_WHAT THE TASK REQUIRES:_
When you transcribe the data below, reproduce every line exactly and leave each picture out.

######

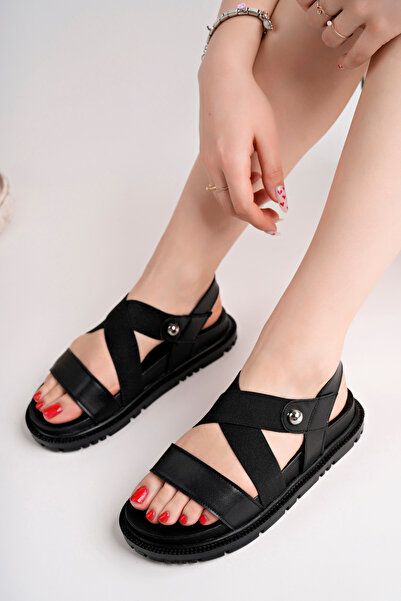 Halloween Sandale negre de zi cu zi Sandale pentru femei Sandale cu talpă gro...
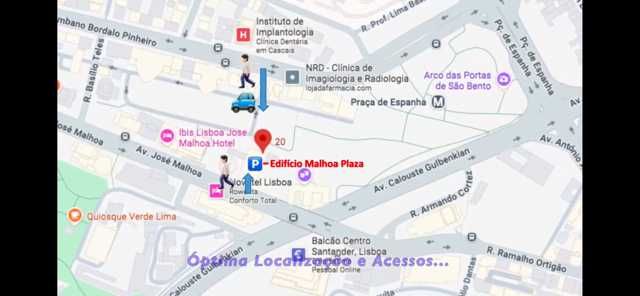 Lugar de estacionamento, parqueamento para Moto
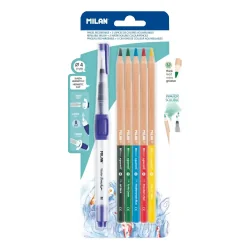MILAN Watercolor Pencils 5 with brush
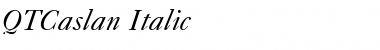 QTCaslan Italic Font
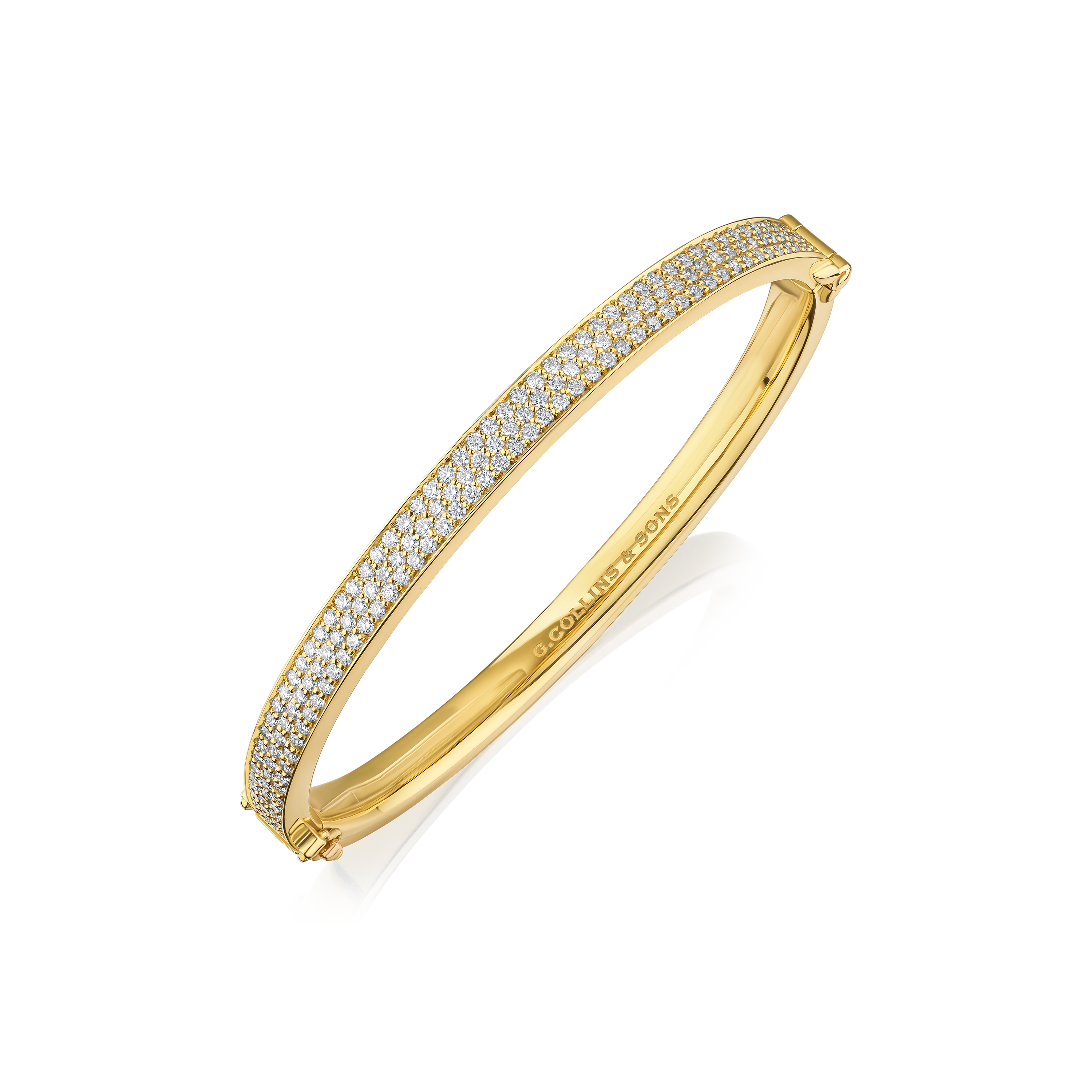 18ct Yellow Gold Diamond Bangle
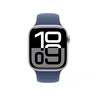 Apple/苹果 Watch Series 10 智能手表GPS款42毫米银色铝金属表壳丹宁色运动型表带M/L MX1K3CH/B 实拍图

######

_RESPONSE BELOW:_
 Halloween Sandale negre de zi cu zi Sandale pentru femei Sandale cu talpă gro...
 Lugar de estacionamento, parqueamento para Moto
MILAN Watercolor Pencils 5 with brush
 QTCaslan Italic Font
 18ct Yellow Gold Diamond Bangle
 Apple/苹果 Watch Series 10 智能手表GPS款42毫米银色铝金属表壳丹宁色运动型表带M/L MX1K3CH/B 实拍图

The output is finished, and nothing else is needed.